The Israeli government began on Monday to implement a promised upgrade of the pluralistic prayer pavilion at the Kosel, to appease the Reform and Conservative movements and Women of the Wall.

Scaffolding went up on Monday near Robinson’s Arch area near the existing temporary platform, preliminary to the construction of a permanent one.

The work represents the implementation of a cabinet decision. “In June 2017, the Prime Minister ordered construction to be expedited of the new plaza. What we are seeing now is the implementation of that order,” an official at the Prime Minister’s Office said on Monday.

If the upgrade proceeds as planned, it will greatly enlarge the existing prayer deck which was set up there in 2000.

It offers the heterodox groups something more than they have had, but much less than they sought.

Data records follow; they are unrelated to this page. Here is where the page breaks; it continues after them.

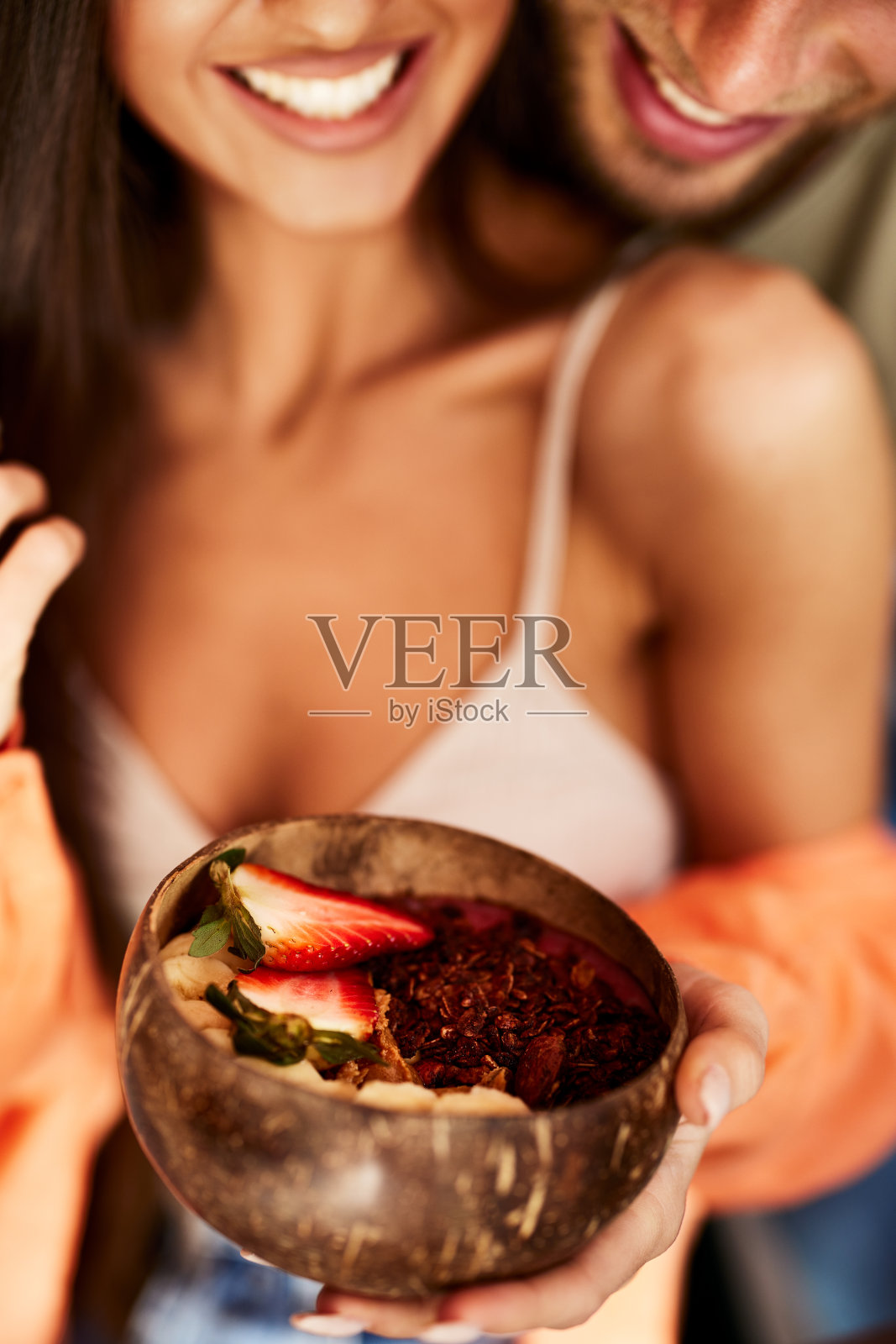 一男一女抱着一碗健康的水果。选择性地关注水果。照片摄影图片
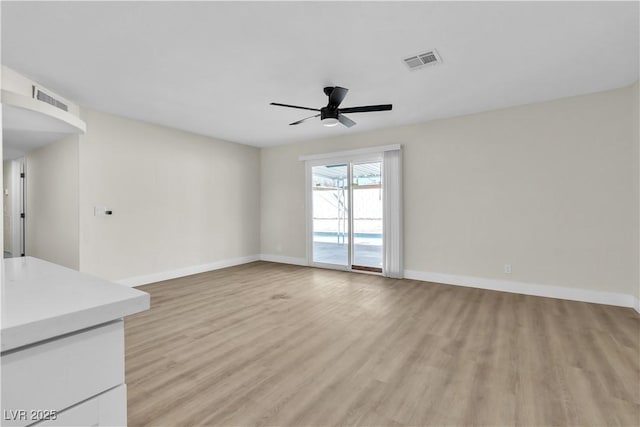 unfurnished living room with ceiling fan and light hardwood / wood-style flooring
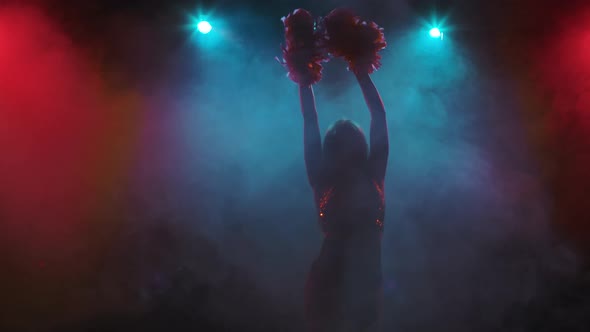 Silhouette of Cheerleader Dancing with Pompoms Against Background of Smoke and Bright Blue and Red alt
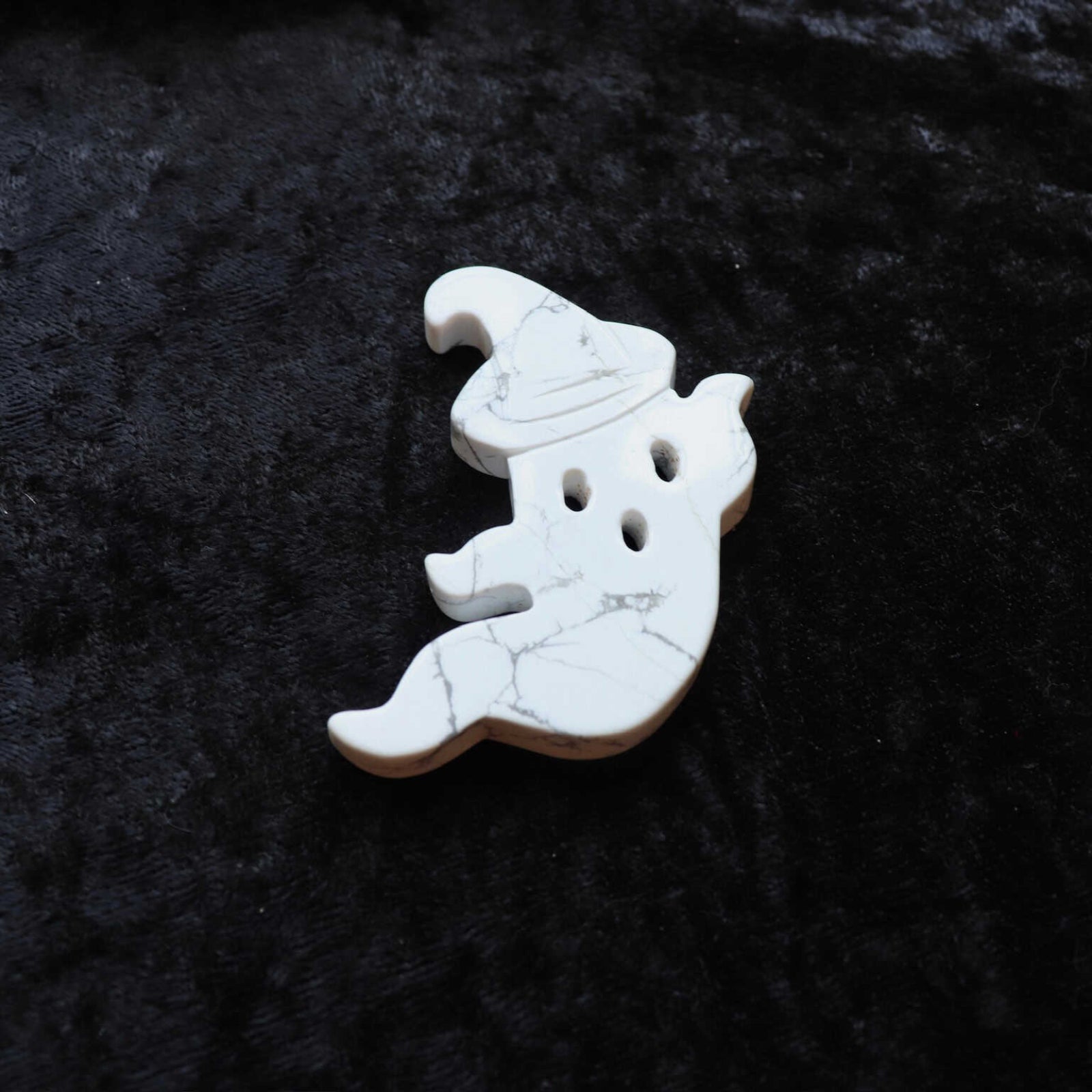White howlite crystal ghost carving for calming and stress relief.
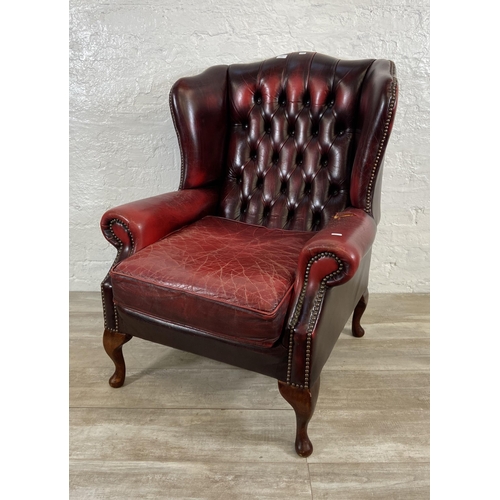 146 - An oxblood leather Chesterfield wingback armchair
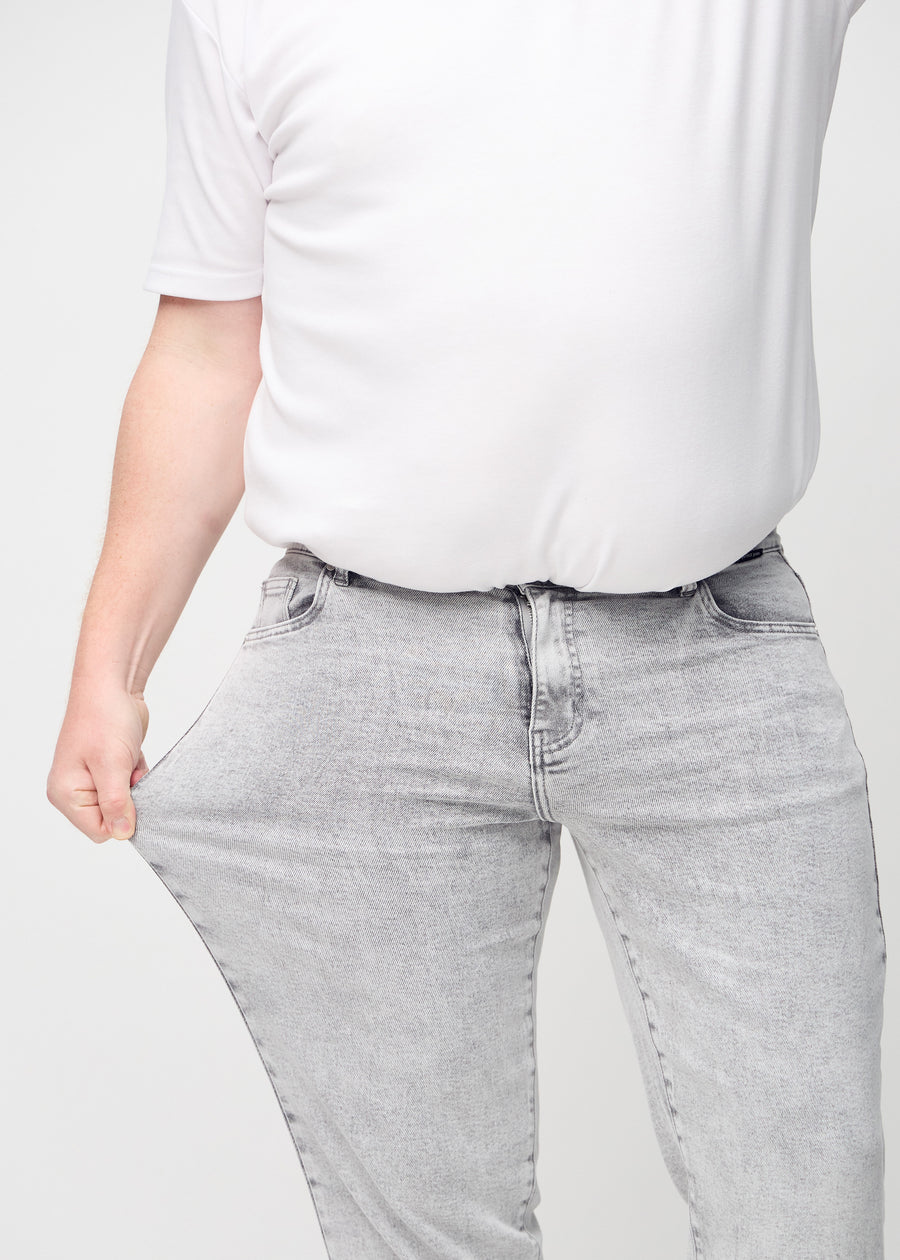 Plus-size-modellen strekker jeansene ved låret for å vise stretch.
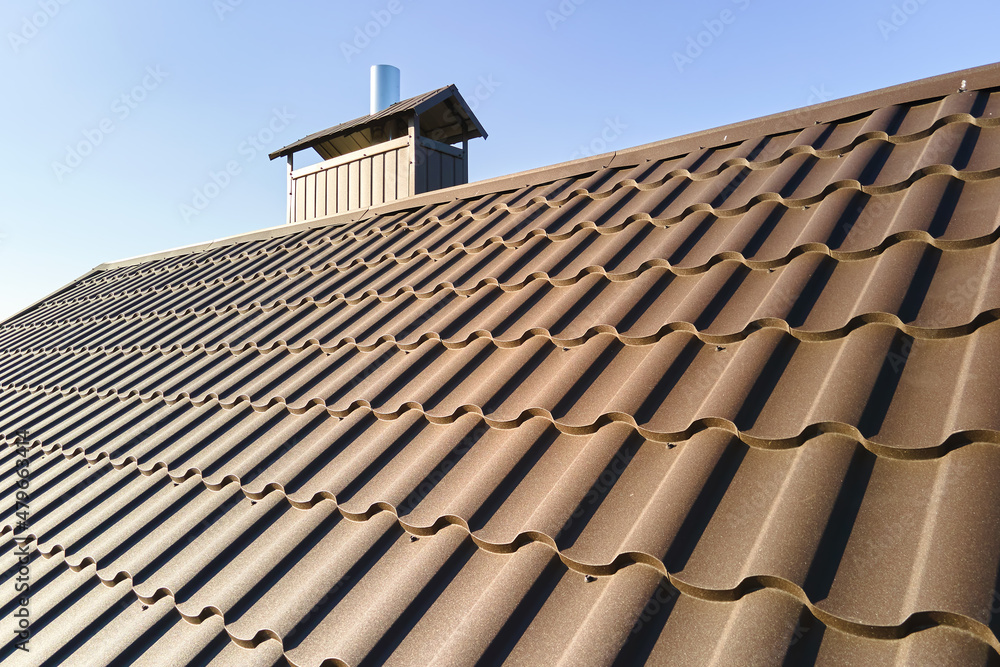 Closeup of house roof top covered with metallic shingles Closeup of house roof top covered with metallic shingles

They receive an upgraded area, but are being denied the right to share the main entrance to the Kosel plaza with the Orthodox community, nor will they have a board of pluralistic Jewry with independent funding to oversee the mixed-gender area.

As such, it elicited mixed reactions.

Rabbi Pesach Lerner, President of the Coalition for Jewish Values and Executive Vice President Emeritus of the National Council of Young Israel, told Hamodia on Monday that “this new development is indeed unfortunate. It is a chilul Hashem.

“The government is expanding an area that, as it is, is rarely used and never full. And, they are making these changes into a ‘permanent’ structure.”

He warned that this will not put an end to the years of agitation. “The liberal movements will never be satisfied; they are not looking for more space, they are looking for official recognition.

“I can only wonder — had the American Torah community challenged the American liberal movements and their activities regarding the Kotel years ago, could we have prevented this permanent pluralistic prayer pavilion from being built at the Western Wall?

“The liberal American movements are challenging many other Jewish traditions in Israel — kashrus, conversion, Shabbos, and much more. We need to be vocal and active against them so we don’t wake up one morning and discover new changes,” said Rabbi Lerner.

Leah Aharoni, spokeswoman for the Orthodox Women for the Wall, said on Monday that “ever since the Israeli government erected the egalitarian plaza, and despite an upgrade in 2013, it has seen hardly any use. The same will continue to happen as the overwhelming majority of Am Ysrael continues to choose the main plaza and daven in accordance with the halachah and the mesorah.

“Despite the decades-long rabbinic consensus that the Western Wall is holy along its entire length, the Supreme Court justices indicated at the last hearing that as far as they are concerned, the heterodox movements and Women of the Wall have no rights at the traditional plaza as long as there is an alternative player location for them.

“The new construction is the latest attempt to appease the heterodox movements. Unfortunately, based on their track record, it will not bring peace to the Kotel,” she concluded.

Indeed, a comment from Women of the Wall indicated just that. The group told The Times of Israel on Monday, “Our only statement is that we’re waiting for the High Court’s decision.”

Petitions on a variety of issues relating to the use of the Kosel by heterodox prayer groups are still pending.

The Reform Movement wasn’t happy either.

“The state has started work on the section without coordination and without informing us what will be built. We only found out about the construction by chance,” a Reform spokesperson told the Times of Israel.